- **Assignment**:
What is needed is an exact copy of the lines in the entries below from the one holding "Crown Heart in Heart Sterling Silver Pendant" through the one holding "Buddha Stones Groene", pictures excluded.

- **Data supplied**:
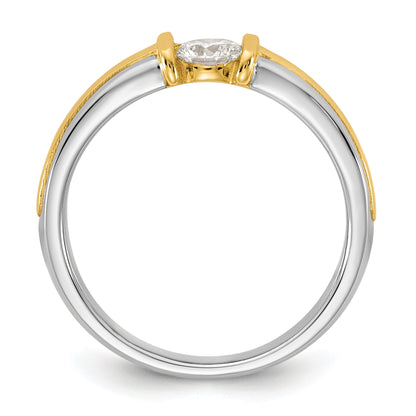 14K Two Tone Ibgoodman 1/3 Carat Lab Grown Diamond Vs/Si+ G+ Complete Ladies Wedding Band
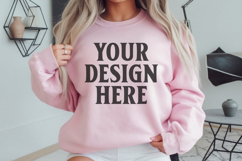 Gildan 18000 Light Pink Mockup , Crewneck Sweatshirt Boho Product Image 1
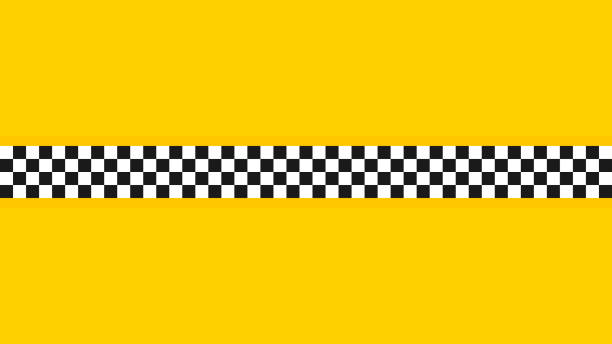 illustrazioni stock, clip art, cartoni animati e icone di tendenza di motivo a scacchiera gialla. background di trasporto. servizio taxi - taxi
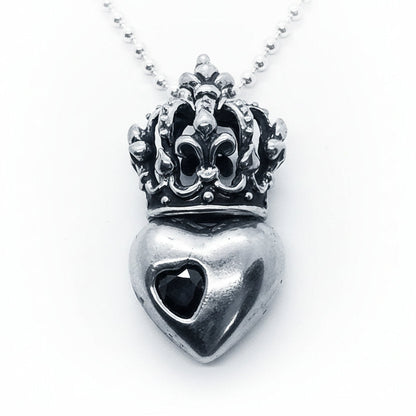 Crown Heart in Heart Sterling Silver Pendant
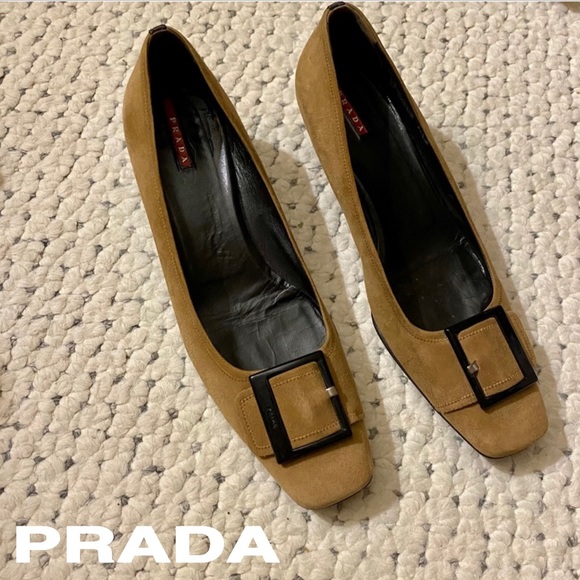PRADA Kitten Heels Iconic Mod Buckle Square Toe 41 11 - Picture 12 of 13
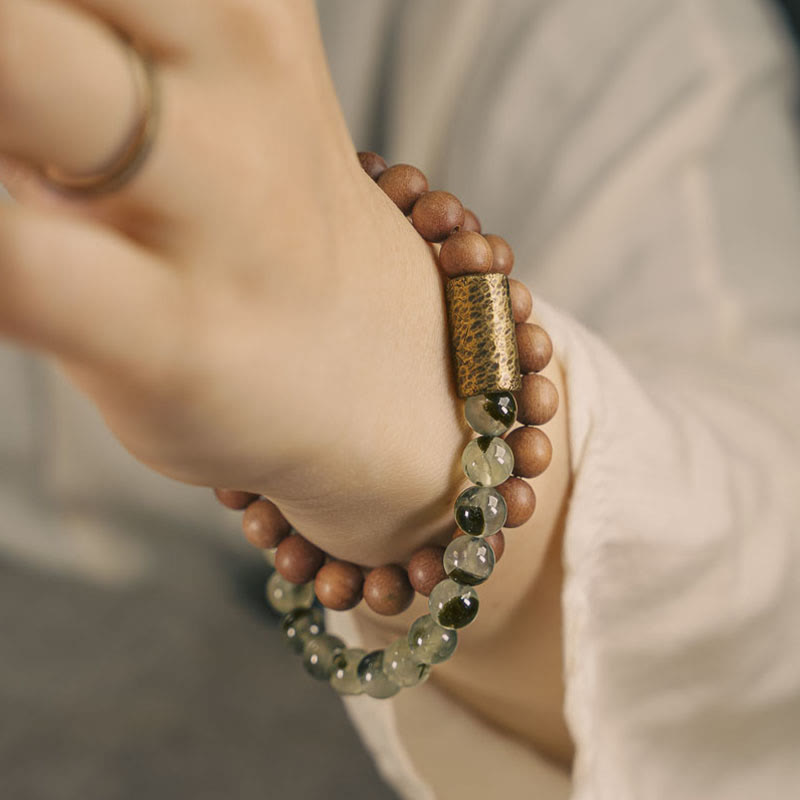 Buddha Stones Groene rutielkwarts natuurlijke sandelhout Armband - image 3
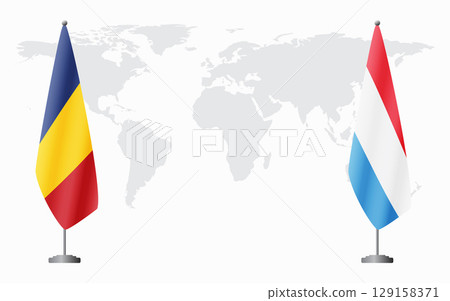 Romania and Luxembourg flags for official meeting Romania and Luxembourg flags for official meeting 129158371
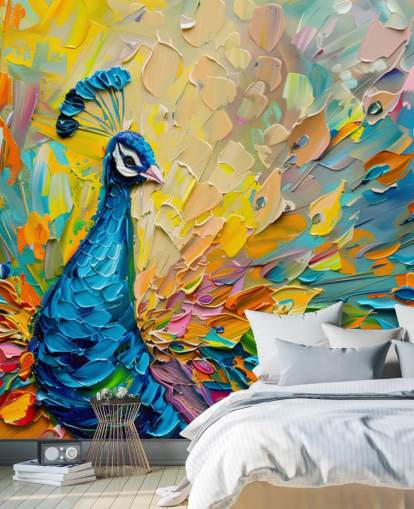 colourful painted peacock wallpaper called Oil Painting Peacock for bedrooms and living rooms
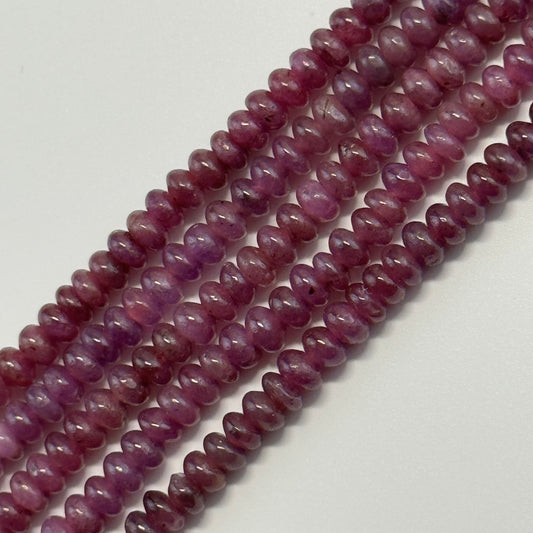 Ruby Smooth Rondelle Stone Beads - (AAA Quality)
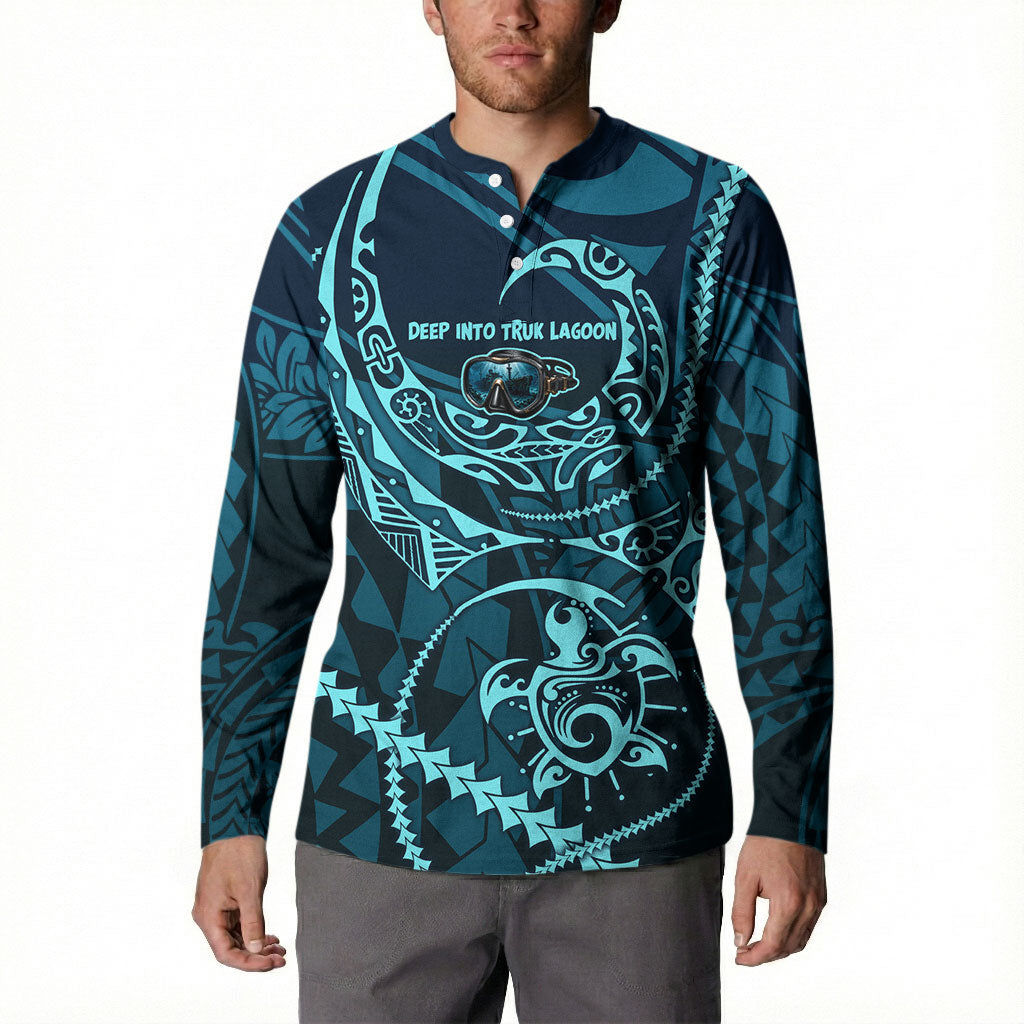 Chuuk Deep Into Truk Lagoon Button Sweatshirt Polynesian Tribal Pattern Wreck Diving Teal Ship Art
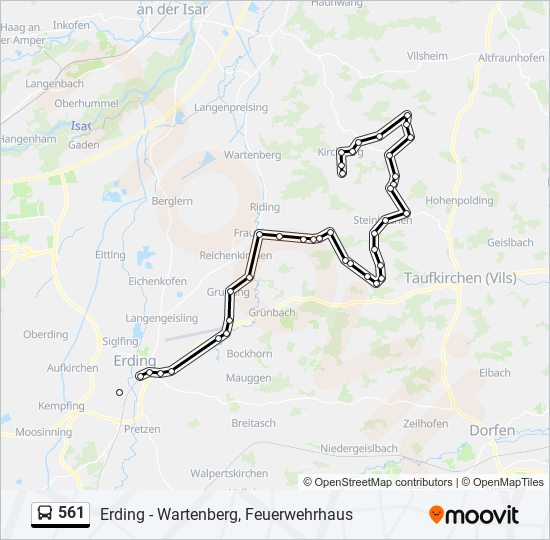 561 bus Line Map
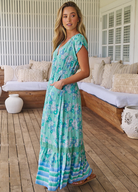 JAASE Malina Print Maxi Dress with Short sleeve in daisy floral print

- **Solution below**:
 Crown Heart in Heart Sterling Silver Pendant
PRADA Kitten Heels Iconic Mod Buckle Square Toe 41 11 - Picture 12 of 13
 Buddha Stones Groene rutielkwarts natuurlijke sandelhout Armband - image 3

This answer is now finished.